Calretinin labeled the mesothelial cells that appeared to line the spaces around glomerular noninvasive implants with a sensitivity of 100% and specificity of 72%. Calretinin was not immunoexpressed in the tumor cells. Such nests, although appearing deeply seated, are likely to represent deep invaginations of surface implants that carry with them surface mesothelium or alternatively, they are tangential cuts of more superficial invaginations.

Most noninvasive epithelial implants displayed a glomerular appearance with smooth contours, sharp demarcation from the surrounding stroma, and were not associated with stromal clefts. Stromal CD34+ fibrocytes around noninvasive implants were preserved whereas there was disruption and loss of the normal distribution of stromal fibrocytes around invasive implants, with a sensitivity of 100% and specificity of 68%.

α-SMA+ myofibroblasts when present around epithelial implants indicated stromal desmoplasia with 100% sensitivity. However, specificity was only 46% as a stromal response was also seen with noninvasive desmoplastic implants. Such noninvasive implants were plaque like and formed of fibrosis and granulation tissue that entrapped gland-like structures. While such epithelial implants may often resemble mesothelial inclusions, they can also be papillary and have cells similar to those of SBTs; however, the stromal component is frequently disproportionately abundant and depending on the stage of evolution of the lesion may also show necrosis and hemorrhage characteristic of superficial desmoplastic noninvasive implants.3, 6, 15

The other situation in which stromal desmoplasia was seen in association with noninvasive implants was in those cases of SBTs with mixed implants. Such noninvasive desmoplastic implants are different from the noninvasive desmoplastic implants in granulation tissue described above. This represents a second type of noninvasive implant in which a desmoplastic response may be seen and the presence of desmoplasia should not be mistaken for a feature of invasion in this setting. The desmoplastic response to invasion is frequently so extensive that it encompasses the stroma around adjacent noninvasive implants so that myofibroblasts are associated with such noninvasive nests.
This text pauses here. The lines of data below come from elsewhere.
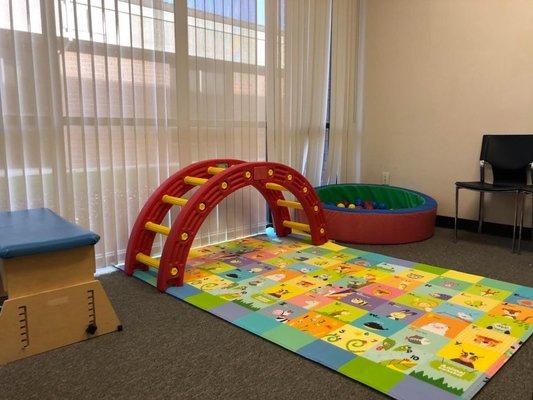 Here is our very multi-functional pediatric therapy area.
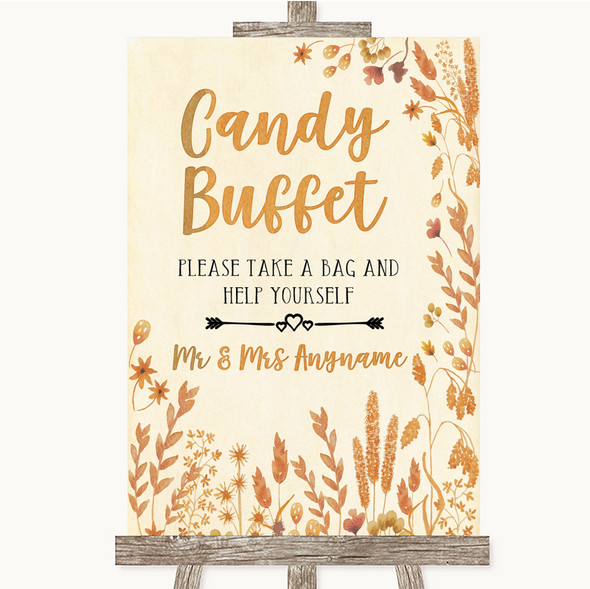 Autumn Leaves Candy Buffet Personalised Wedding Sign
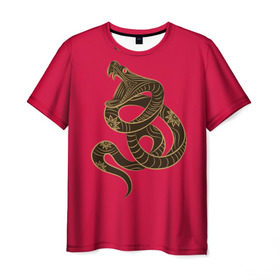 Мужская футболка 3D с принтом Год Змеи в Курске, 100% полиэфир | прямой крой, круглый вырез горловины, длина до линии бедер | восточный гороскоп | год рождения | знаки зодиака | китайский гороскоп | лунный календарь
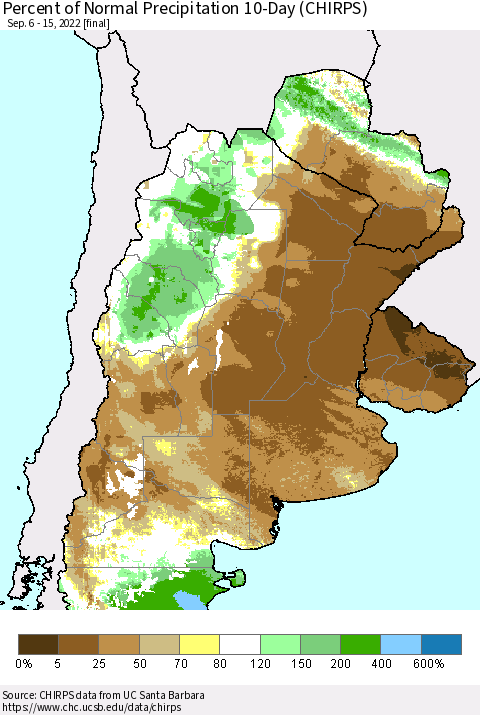 Southern South America Percent of Normal Precipitation 10-Day (CHIRPS) Thematic Map For 9/6/2022 - 9/15/2022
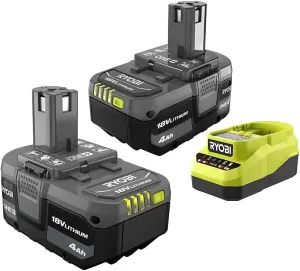 Ryobi ONE  18V Lithium-Ion 4.0 Ah Battery (2-Pack) and Charger Kit, 1 (PSK006)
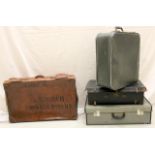 4 x vintage suitcases including one in leather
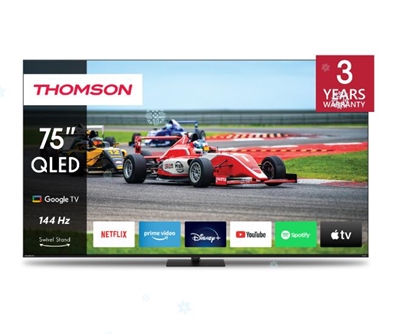 Attēls no TV Set|THOMSON|75"|4K/Smart|QLED|3840x2160|Wireless LAN|Bluetooth|Google TV|Black|75QG7C14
The presence of stromal clefts around epithelial nests has been described as a feature of invasive implants.6 However, we observed such clefts around the glands of noninvasive desmoplastic implants. The histogenesis of such clefts in invasive and noninvasive desmoplastic implants may well be related to the presence of myofibroblasts that may exert contractile forces that cause the separation of stroma from epithelium to produce the cleft. To our knowledge, the relation of stromal fibrocytes to myofibroblasts is not fully understood. It is speculative that the stromal fibrocytes may have a precursor relationship to myofibroblasts and this has yet to be shown.

We show, for the first time, that the use of three markers to identify mesothelial cells, stromal fibrocytes, and myofibroblasts is a valuable adjunct to morphological diagnosis of invasive implants in SBTs. The combined use of these three markers has a sensitivity and specificity of 100 and 81%, respectively. Although these methods may not be helpful in noninvasive desmoplastic implants, they should be employed especially when small biopsies of the peritoneal tissue are submitted for evaluation of invasiveness of implants in SBTs.